道路や交通網は徐々に復旧し、生活再建の流れは加速している。一方、水道などインフラの復旧は能登地区でもなかなか進まず、倒壊した家屋や店舗はもちろん、建物にそれほど被害がなかった地区でも避難生活が必要な状況はあまり変わっていない。そのため、今もなお、珠洲市や輪島市などでは避難所での炊き出しや食事のサポートが続けられている。

それらのサポートを担うのは、自らも被災した料理人たちだ。

私財とスキルを提供するシェフたち

奥能登・輪島市のフランス料理店のシェフ、池端隼也さんもそのひとり。池端さんは、震災後は市内で毎日1000人分以上の炊き出し作業に従事している。

池端さんは築約100年の輪島塗の塗師の家を改装したレストラン「ラトリエ・ドゥ・ノト」を営業していた。

震災で池端さんの店は全壊。そこからかろうじて引っ張り出せた自前の食材を使っての炊き出しが震災の翌日からスタートした。現在は食材こそ各方面から潤沢に届いているというが、池端さん自身は今も、輪島市内の施設でボランティアでの炊き出しに従事している。

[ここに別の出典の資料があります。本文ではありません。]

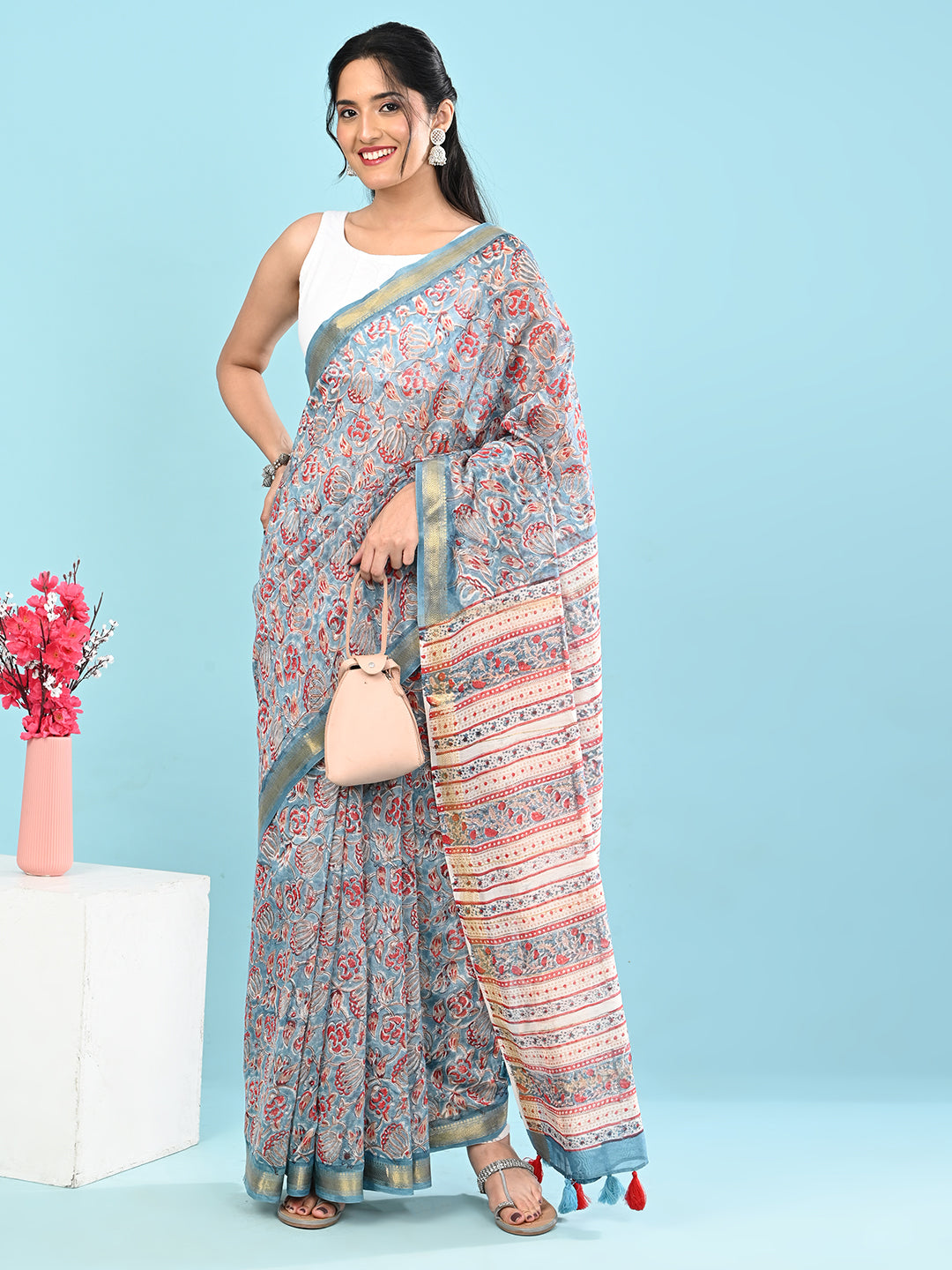 Marupushpa Blue Block Print Saree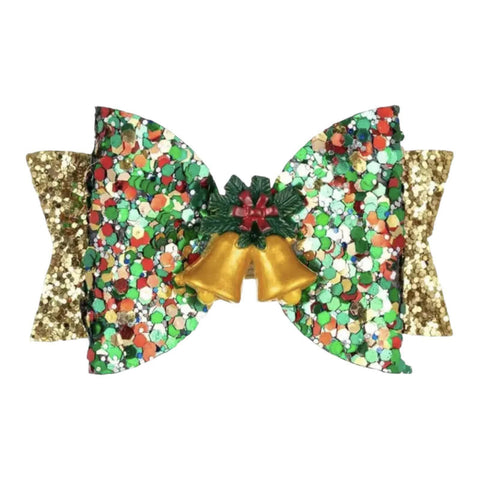 Christmas Accessories Hair Bows Clips Santa Reindeer Snowman Gold Xmas - 3.5"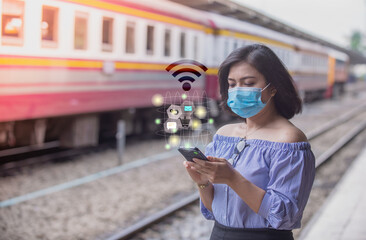 young woman  with a train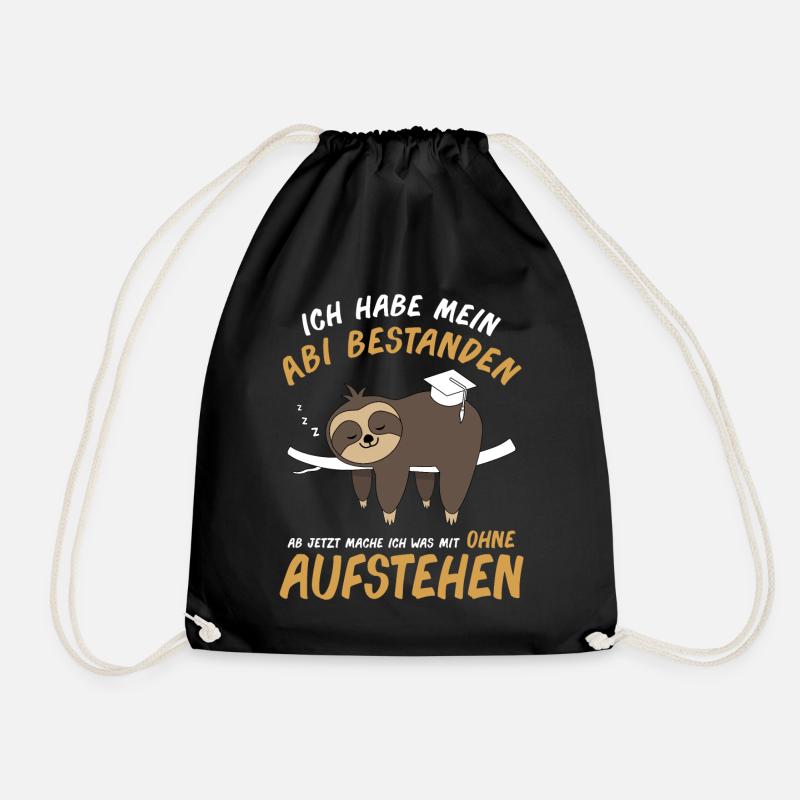 Abitur Abschluss Abi Abifeier Faultier Geschenk - Turnbeutel - Schwarz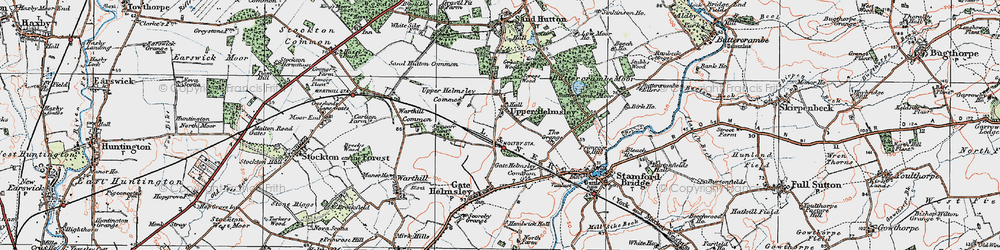 Old map of Upper Helmsley in 1924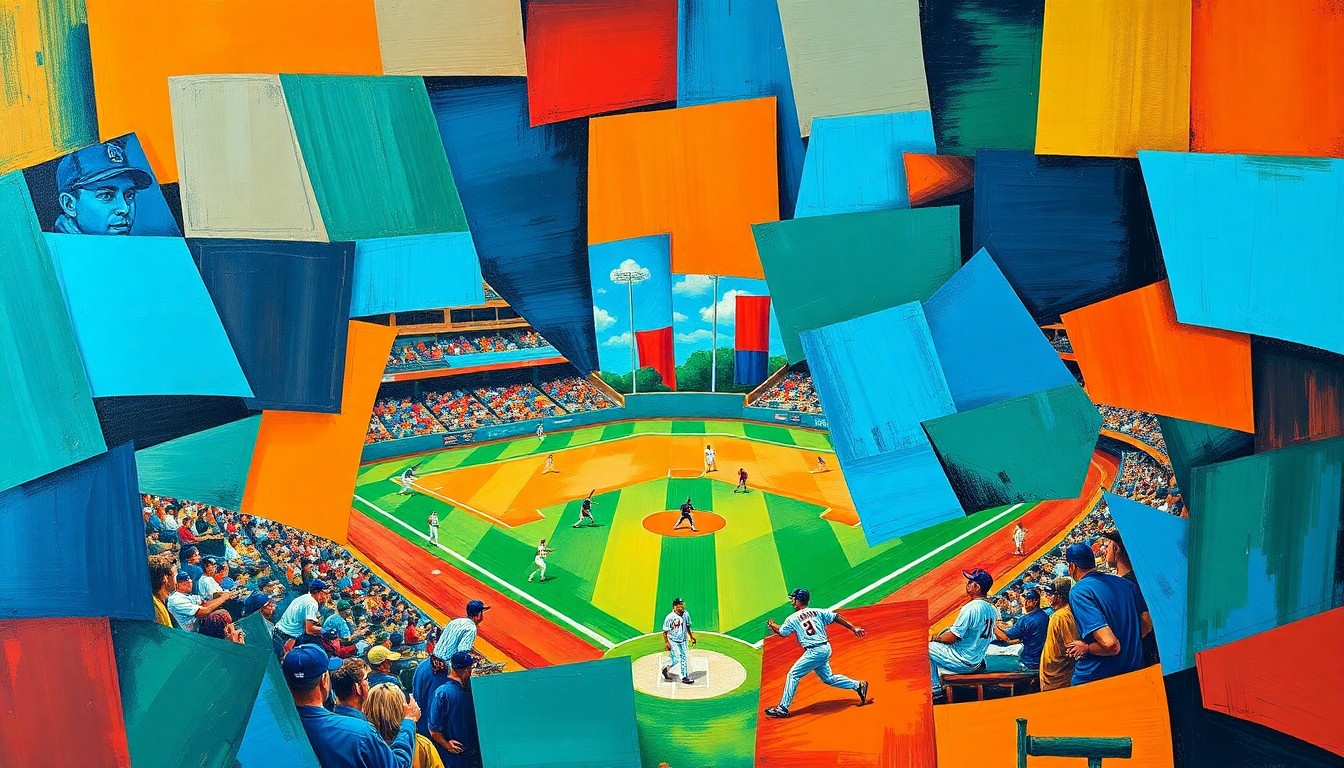 A fractured, geometric painting in vibrant blues, oranges, and greens, depicting the movements and actions of baseball players in an abstract, deconstructed style, conceptually representing the injuries to the LSU baseball team.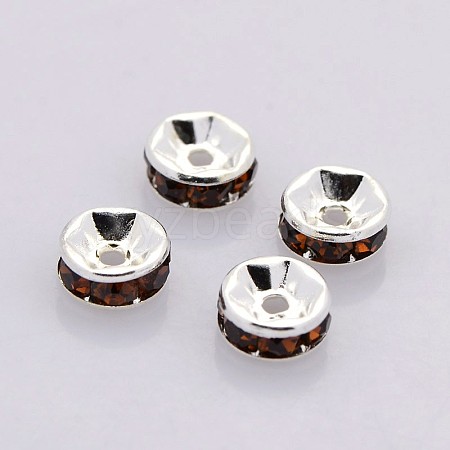 Brass Rhinestone Spacer Beads RB-A014-Z8mm-15S-1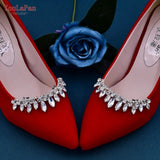 HX39 2pcs Rhinestones High Heel Buckle Decoration Women Bride Shoes Clips Charm Wedding Shoes Buckle Shoe Crystal Clip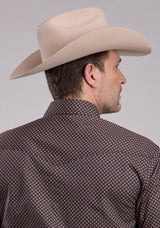 Roper Mens Long Sleeve Snap Red Star Geo Western Shirt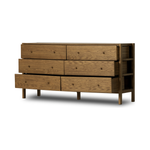 Featuring Meadow Tawny Oak 6 Drawer Dresser by Four Hands at Amethyst Home. With simple shaping inspired by midcentury casing, exposed framework and a warm oak finish bring a handcrafted, minimalist look to modern bedroom styling, with six spacious drawers for ample storage.
Overall Dimensions: 68.75"W x 17.50"L x 34.25"HColors: Tawny Oak Veneer, Tawny OakMate. Amethyst Home provides interior design, new home construction design consulting, vintage area rugs, and lighting in the Frisco metro area.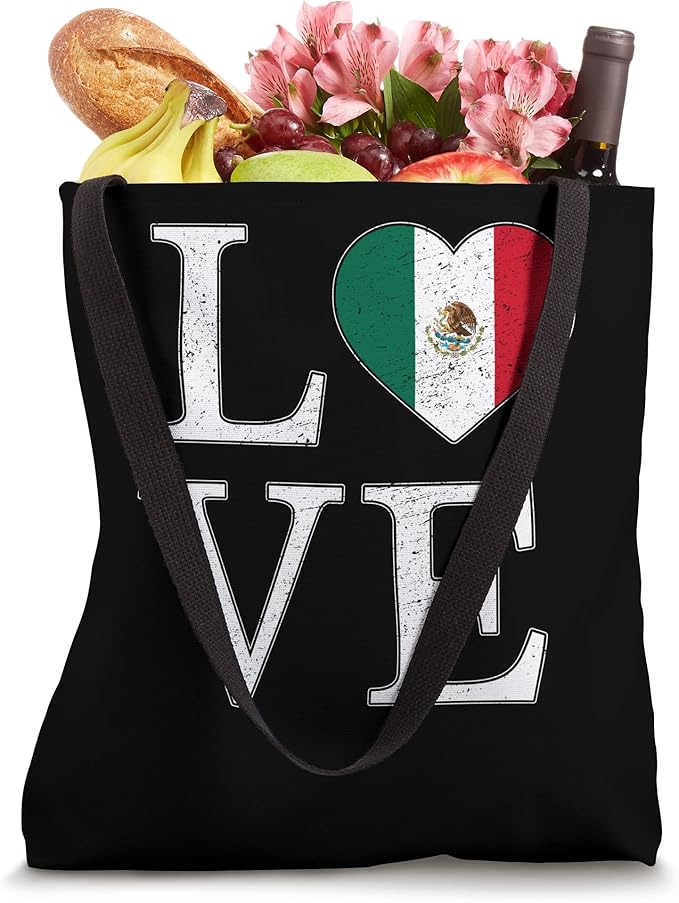 Mexico Love Mexican Flag Heart Tote Bag - Vintage Style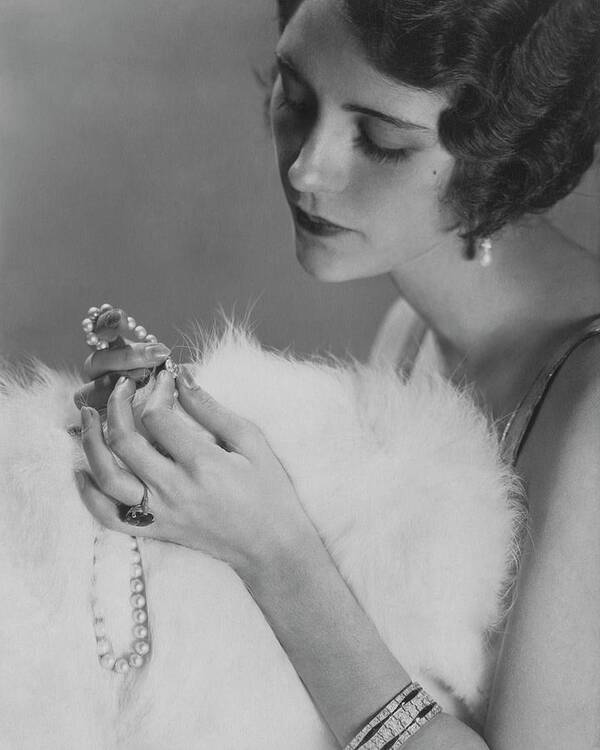 Accessories Poster featuring the photograph Kendall Lee Holding A Pearl Necklace by Edward Steichen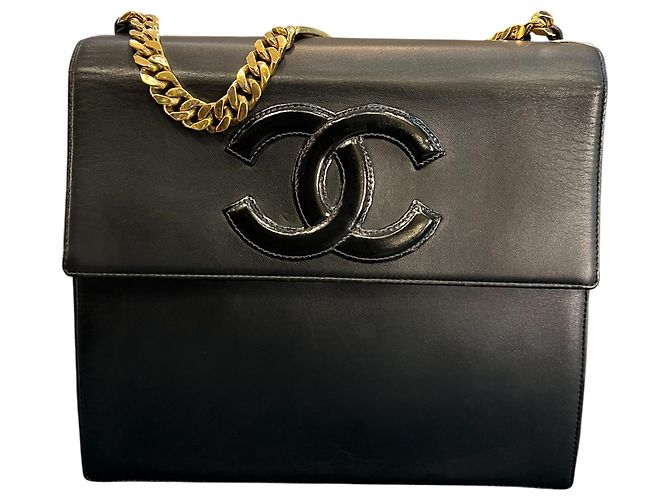1996 Chanel CC Lambskin Chain Top Handle Flap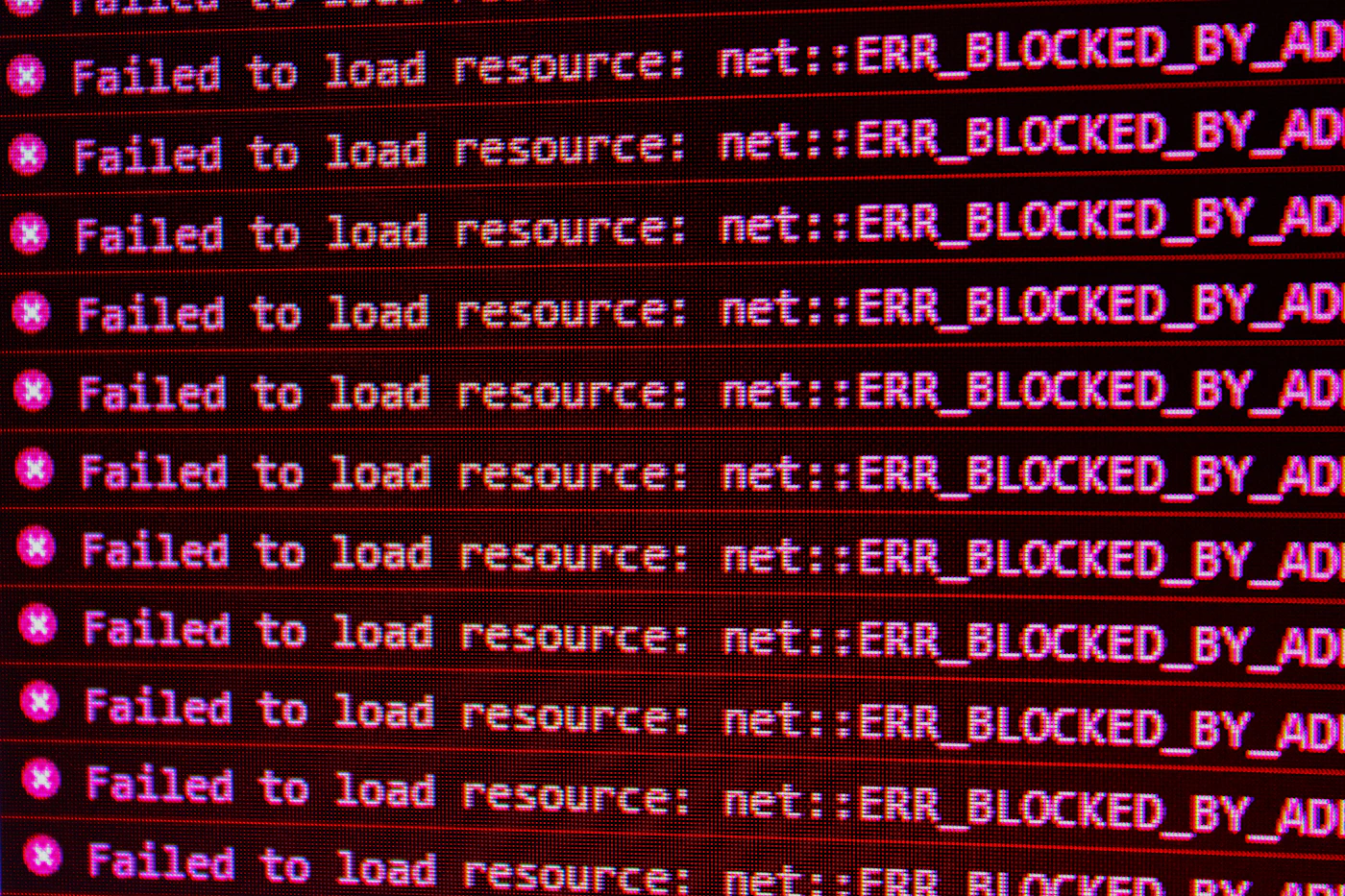 A computer screen showing a series of error messages in red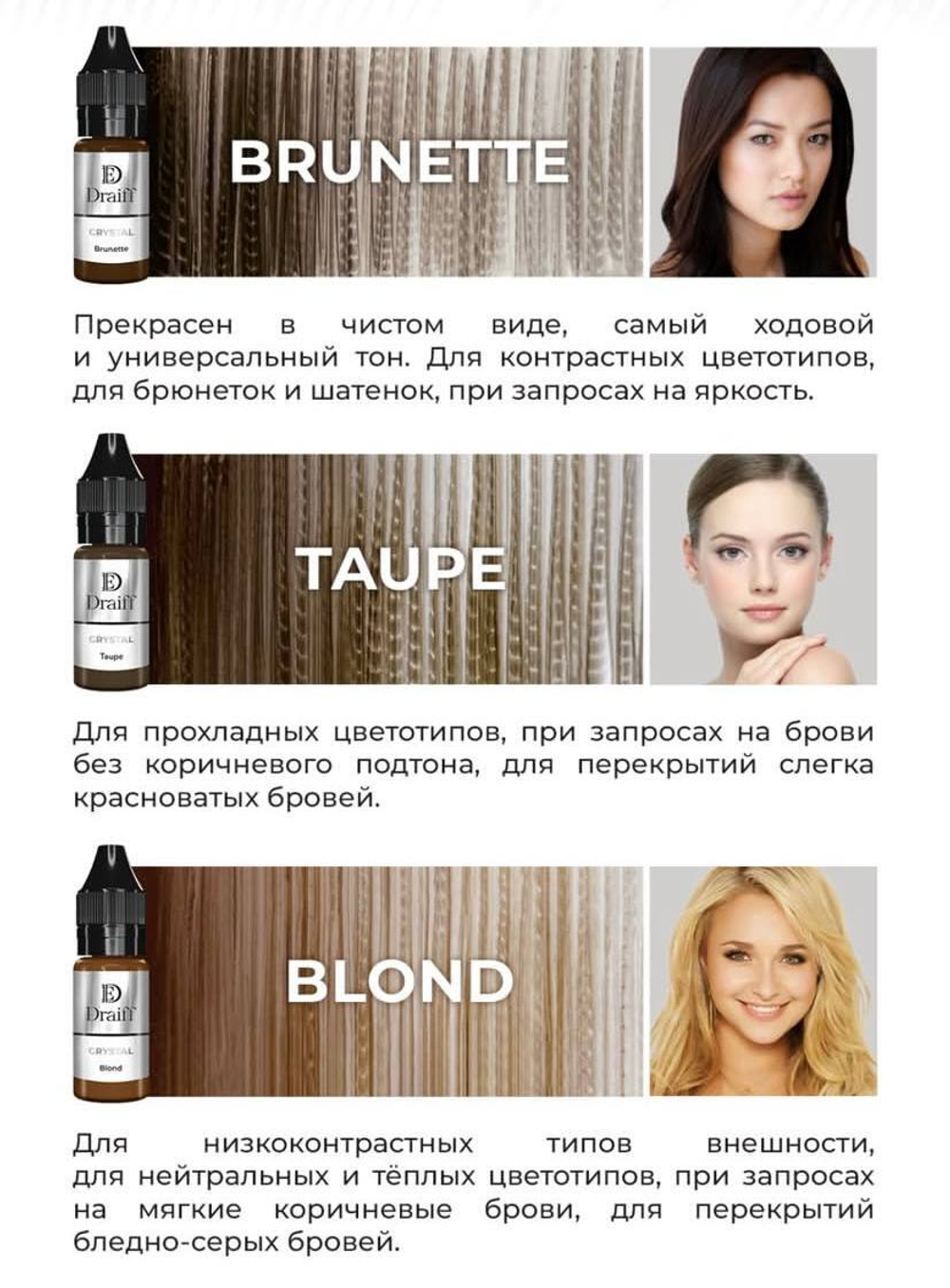 Draiff Mix CRYSTAL Мини-сет пигментов для перманентного макияжа бровей, 6х6 мл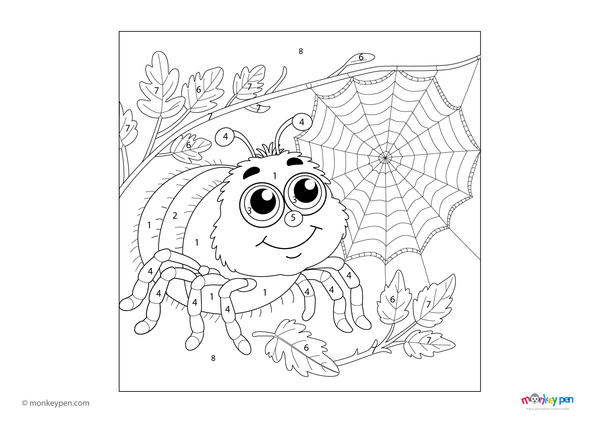 Color-by-number worksheet of a cartoon spider – free download for kids to color spider’s body, legs, and web.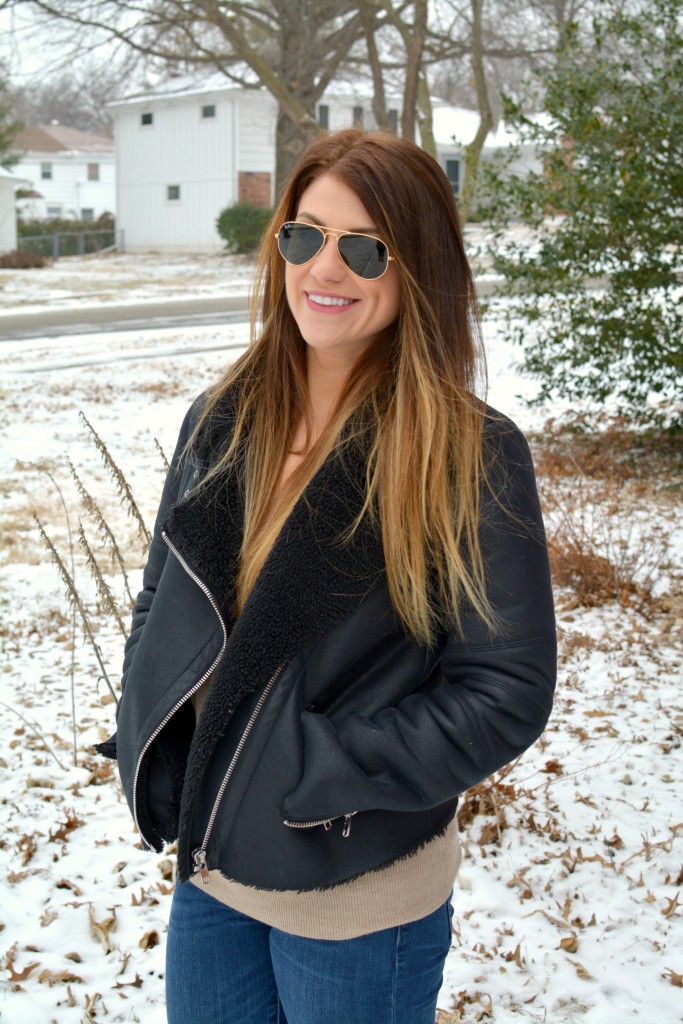 Ashley from LSR in a shearling moto jacket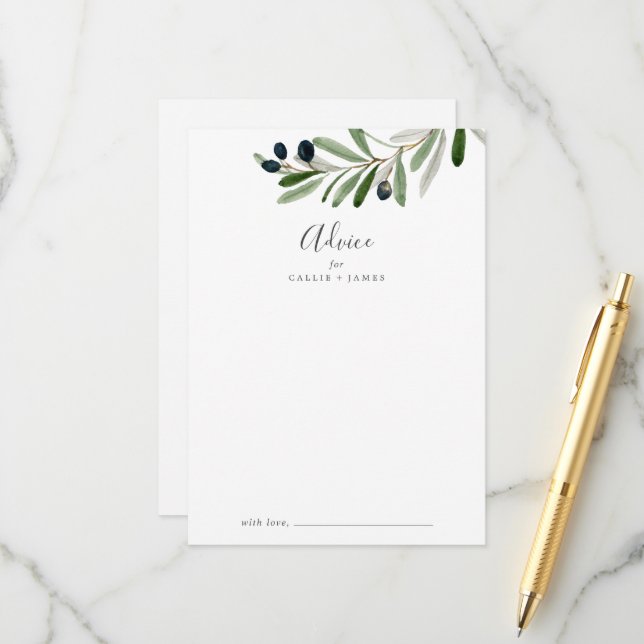 Moderne Olive Branch Hochzeit Hinweiskarte (Vorderseite/Rückseite Beispiel)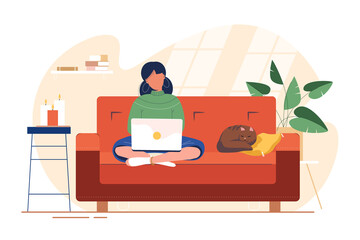 Fototapete - Woman with laptop sits on sofa. Freelance or study concept. Female character freelancer working or study from home online. Self-employed people work in comfortable conditions. Flat vector illustration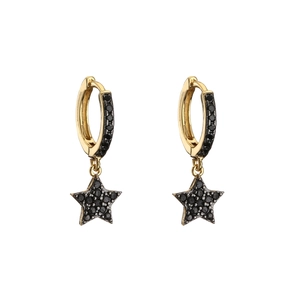 Gold star drop earrings with micro-paved black zircon stones and secure hoop closures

石川県七尾市のイタリアン「ヴィラ・デラ・パーチェ」のシェフ平田明珠さんも、震災直後から1月末まで、炊き出しをはじめとしたサポートを行っていた。場所は店から車で10分、市が避難所として開設している市立中島小学校だ。

海岸沿いの平田さんの店舗は幸いにも津波の被害をまぬがれ、建物自体にも大きな損傷はなかった。断水も2月末には解消され、営業再開に向けて動き出している。

アメリカ本部のボランティア団体も支援

料理人である彼らが、みずからも被災しているにもかかわらず、ボランティアで炊き出し業務を引き受けているのはなぜだろうか。

「あの環境で自分ができることってなんだろうと思って、僕ができることは料理なので、この町に住んでいる人間として単純に何ができるか考えた結果です」(平田さん)

彼らは自分の店の再建よりも被災者のサポートを優先し、避難所での炊き出しを選択している。しかも最初の支援物資が届く前には、自分の店に保管してあった営業用の食材を最初の炊き出しに提供してもいる。

「最初は寄せ集めですよ。食材も自分の店に正月営業用に買ってあったものを使って、あとは近くの農園さんや干物屋さんがもう売れないからと食材を提供してくれました。